The Ministry of Finance and Planning in South Sudan is yet to present its 2024/2025 budget in parliament and has halted government agencies from making any payments supposed to have been sorted out in the elapsed financial year.
- In a public notice signed by the country’s Undersecretary for Finance, Malual Tap Dieu, the ministry cited that the 2023/2024 Financial Year officially ended on June 30th and the suspension of government spending.
- Many civil servants in the country have been unpaid for months, as far as November last year, and the announcement by the ministry is likely to compound their challenges.
- New claims for payment would only be considered and sorted out once the country drafts a financial budget that will then need to be approved by the Transitional National Legislative Assembly.

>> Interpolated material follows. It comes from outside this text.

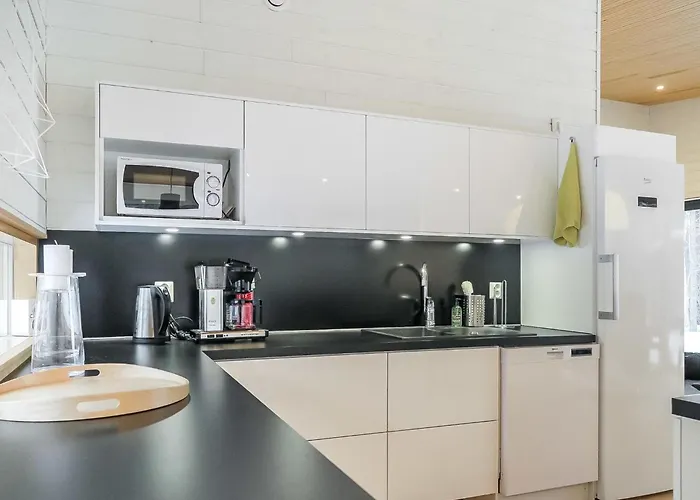 別荘 Jaervenranta By Interhome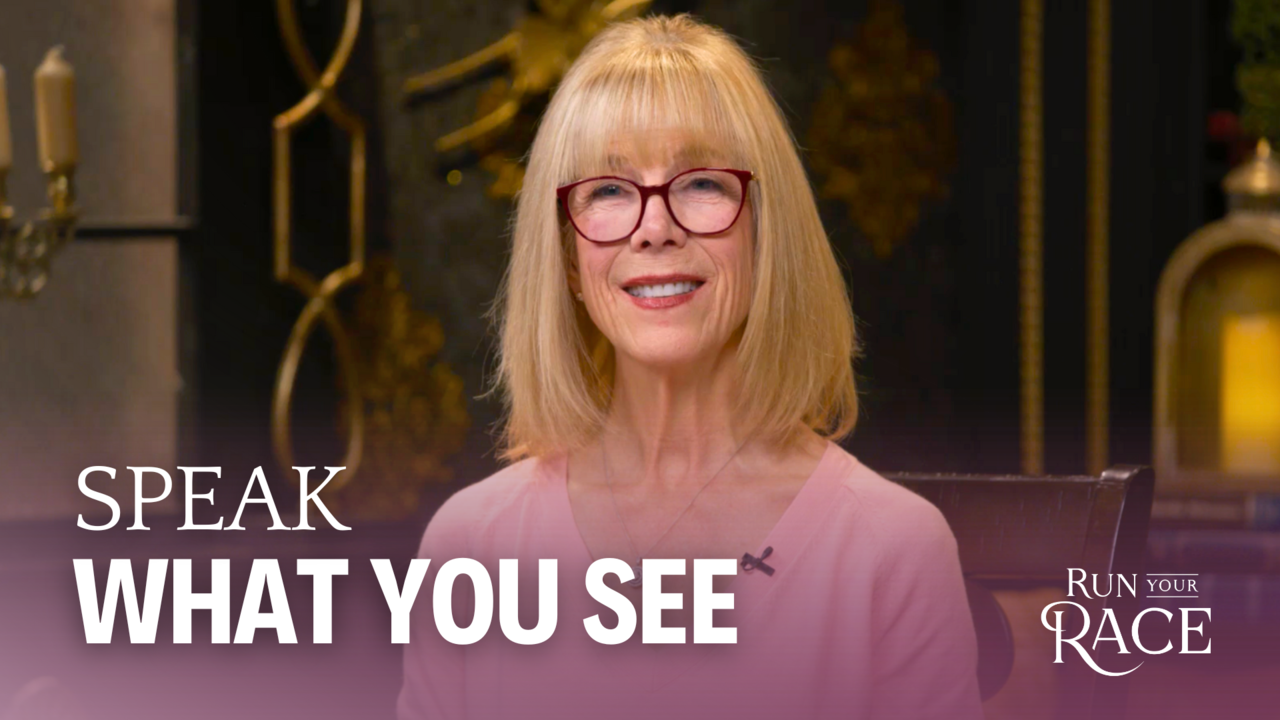 Speak What You See | Ep 5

“As you are well aware, the Fiscal Year 2023-2024 officially ends on June 30, 2024. Therefore, the Ministry of Finance and Planning hereby informs all spending agencies and the general public that all payments will be suspended until further notice,” the notice stated.
Why it Matters
As is tradition, all member states of the East African Community (EAC) are supposed to present their budgets on the same day. However, weeks after all other member states presented theirs on June 13th, South Sudan has delayed its budget as it grapples with an intense economic crisis worsened by the ongoing conflict in neighbouring Sudan.
On Thursday last week, South Sudanese Finance Minister Awow Daniel Chuang presented a preliminary draft of the budget. The country will probably finance a SSP 2.4 Trillion budget unless any further considerations are made. With revenue projections sitting at SSP 1.7 Trillion, the ailing nation expects a deficit of more than SSP 700 Billion. If these figures are ratified, it would be a 14% increase from last year’s budget.

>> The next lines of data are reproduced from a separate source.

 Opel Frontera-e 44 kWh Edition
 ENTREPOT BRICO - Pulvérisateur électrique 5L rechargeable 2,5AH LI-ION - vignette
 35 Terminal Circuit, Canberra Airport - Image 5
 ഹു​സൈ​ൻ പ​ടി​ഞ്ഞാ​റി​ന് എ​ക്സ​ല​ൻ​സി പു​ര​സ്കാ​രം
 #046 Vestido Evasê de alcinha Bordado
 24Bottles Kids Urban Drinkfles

The conflict in Sudan, which is still the main route for the landlocked country’s crude oil, has complicated the country’s ability to supply crude oil, which is its major export and source of revenue. It has resulted in several stoppages on the route, through which Juba normally supplies 150,000 barrels per day through Port Sudan. After South Sudan seceded in 2011, it made a deal with Khartoum to keep the oil flowing through the latter’s territory and pay a transit fee.

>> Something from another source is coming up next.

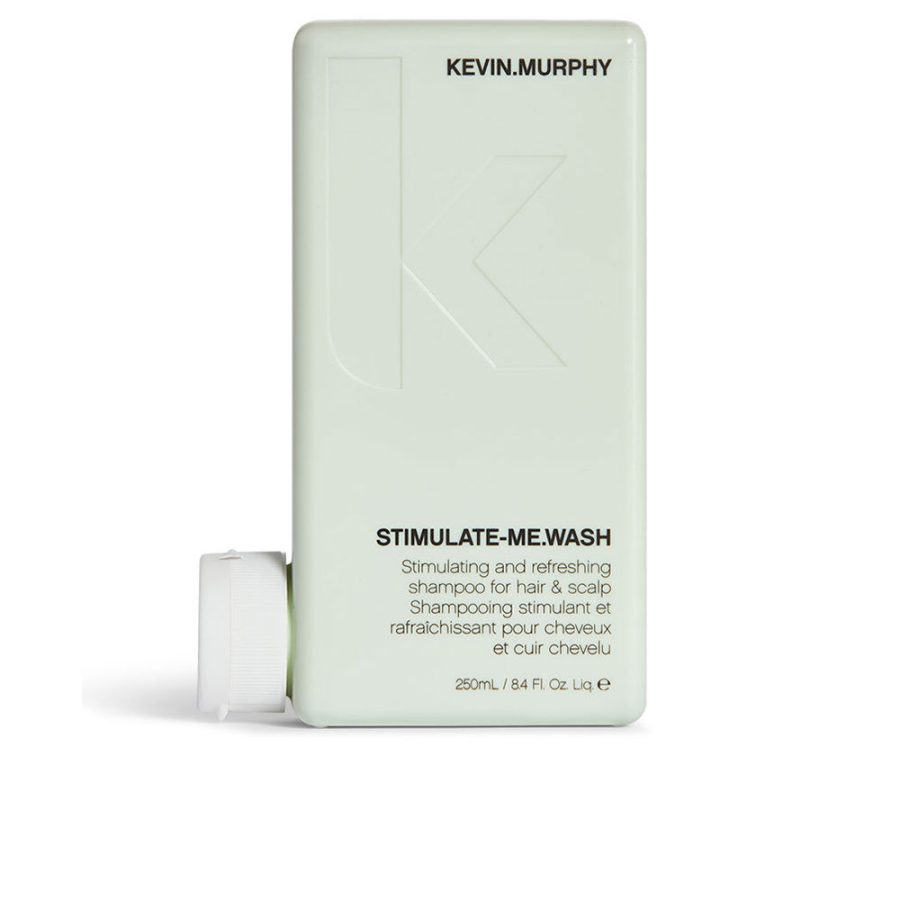 Kevin murphy STIMULATE-ME.WASH stimulating and refreshing shampoo 250 ml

A February breakdown of a major pipeline transporting 60% of its crude oil had immediate effects, and the prices of other basic commodities have skyrocketed. The situation has worsened as the country’s currency continues plummeting against the dollar. According to Trading Economics, consumer prices rose by 22.5% Year-On-Year in March this year bringing the food inflation rate to 186%.
Juba is hoping for progress in the Sudan peace process, which still seems far off as Khartoum and the Rapid Support Forces (RSF) continue to escalate clashes and blame each other for destroying the crucial pipelines. It’ll also be hoping for better oil prices this year and market stability to restore soundness to its economy.